Les menaces ont été longtemps sous-estimées par le secteur privé : les satellites paraissaient préservés par l’hostilité du milieu qui les entoure ou les contraintes imposées par des liaisons intermittentes avec le sol. Aussi, les plus vieux satellites encore en orbite ne répondent plus aux standards de cybersécurité. Quant aux satellites plus récents du new space, ils sont parfois développés par des start-up avec des codes standards, aux vulnérabilités zero day à exploiter. La nécessité de mises à jour régulières augmente aussi les opportunités d’infiltration.
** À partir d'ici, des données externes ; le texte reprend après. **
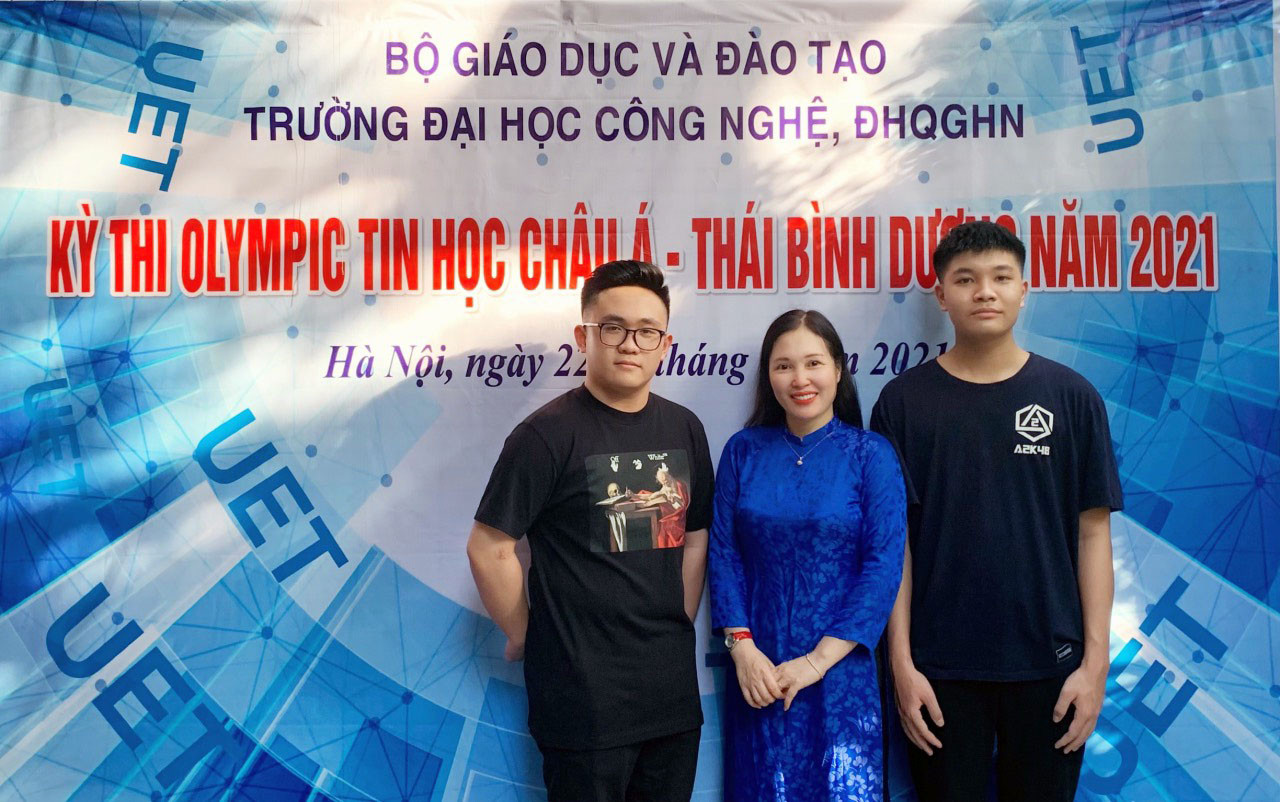 Cô giáo Cao Thị Thanh Lan và các học trò. Ảnh - MH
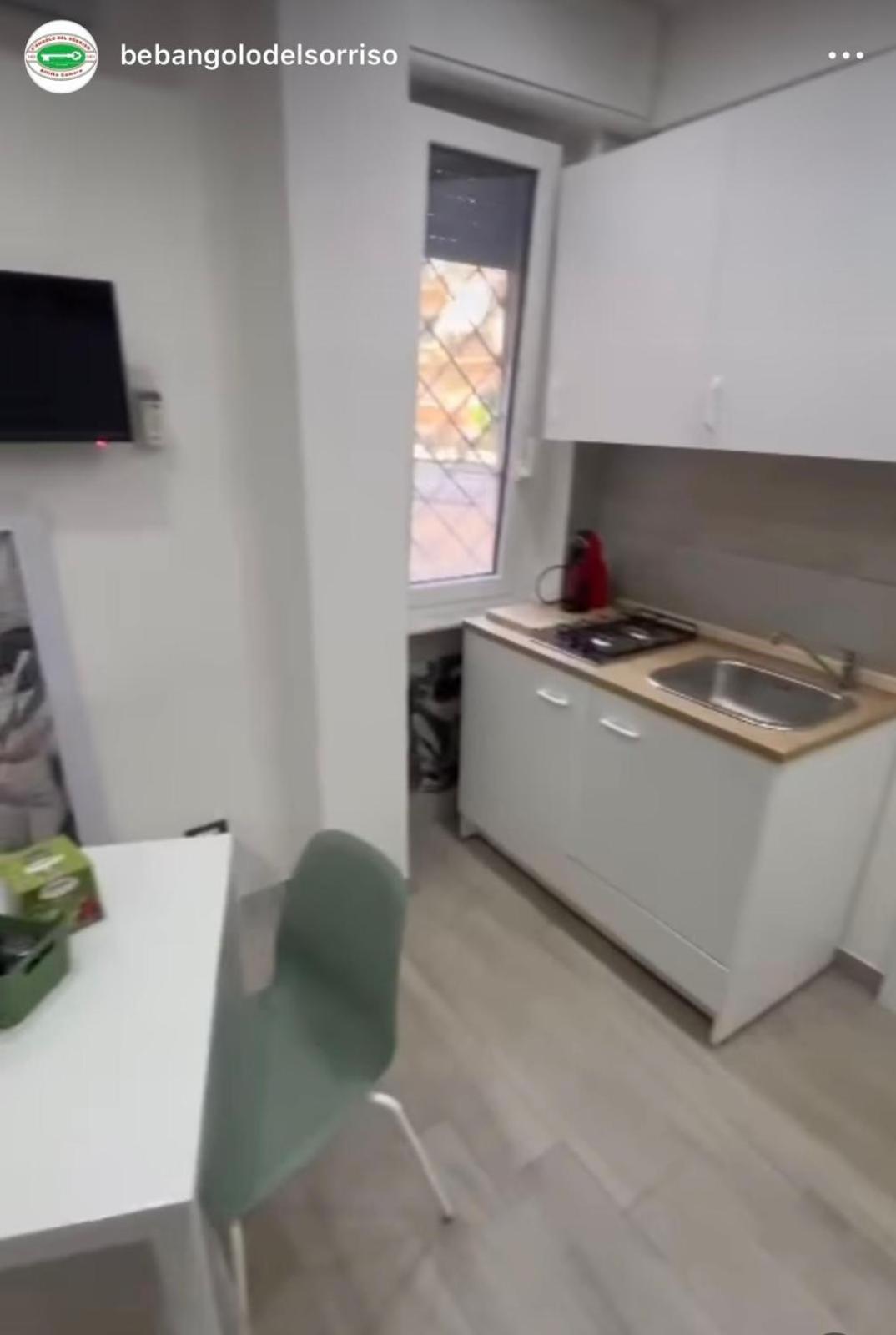 L'Angolo Del Sorriso Napoli Eksteriør billede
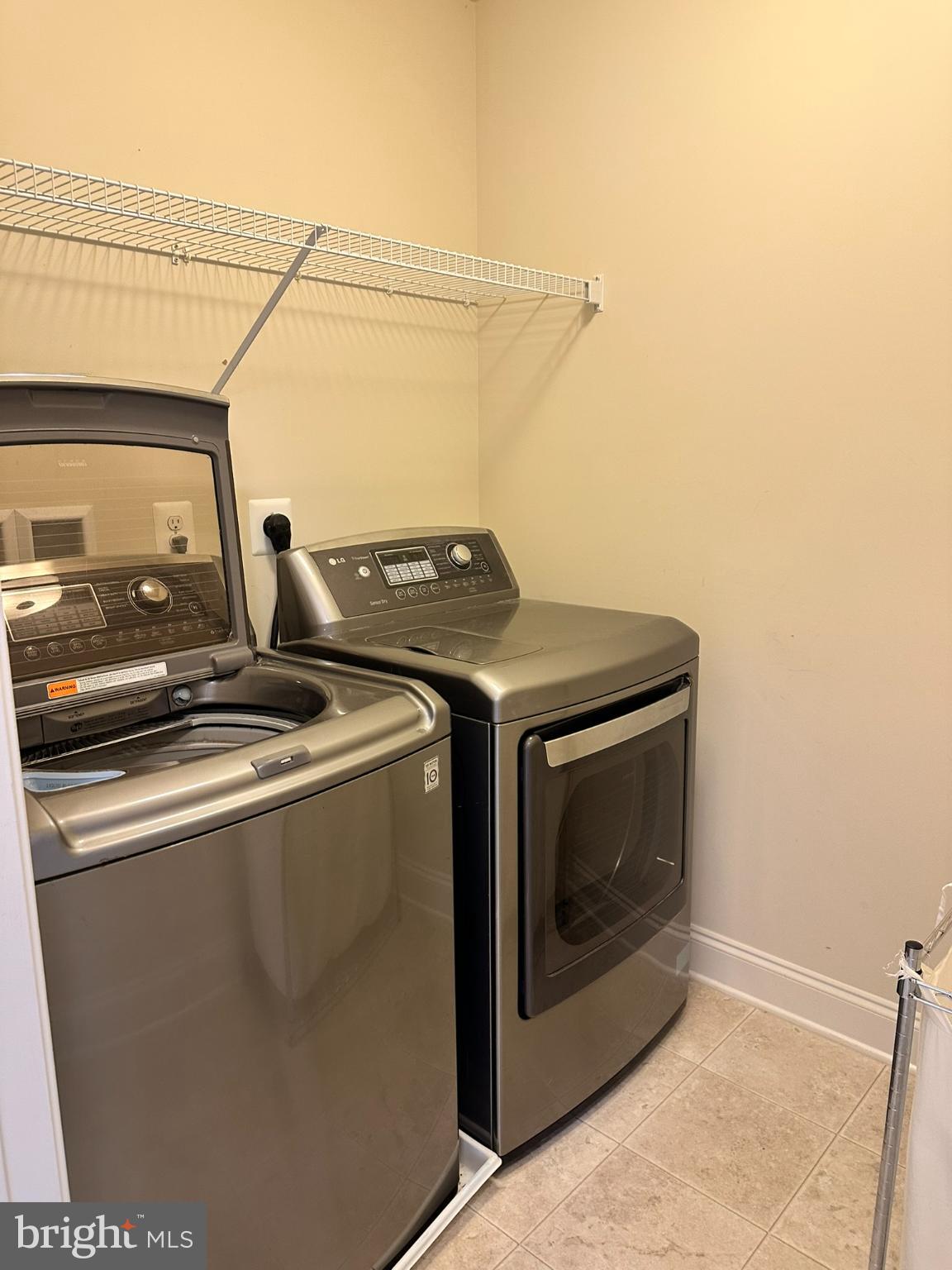 BROAD CREEK - Residential Lease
Une faille informatique non résolue (« zero-day ») va être utilisée par les hackers via un logiciel dit exploit, dont le but est de profiter de l’effet de surprise : en effet, si la faille n’est pas connue du grand public ou des développeurs, elle est facile à exploiter et permet de prendre l’utilisateur et les développeurs par surprise. Une vulnérabilité perd une grande partie de son intérêt lorsqu'elle est exposée. Par définition, une vulnérabilité perd aussi son qualificatif « zero day » L’identification d’une faille zero-day est donc primordiale pour y apporter rapidement une réponse. C’est pourquoi des sommes conséquentes sont payées à des ethic hackers pour rechercher ces failles et les solutionner.
1.377 raids informatiques avec demande de rançon ont été répertoriés en France entre février 2020 et mai 2023. 44 attaques d’envergure ont été déjouées en 2022. La gendarmerie dans le cyberespace (ComCyberGend) déploie 9.000 militaires et 400 réservistes à travers le pays.
4,5 milliards de cyberattaques avaient été recensées à Tokyo en 2021, année des Jeux Olympiques, dont 70.000 avérées. Très lucratif, le marché de la cybercriminalité rapporterait 1.500 milliards de dollars de revenus annuels, soit autant que celui de la drogue.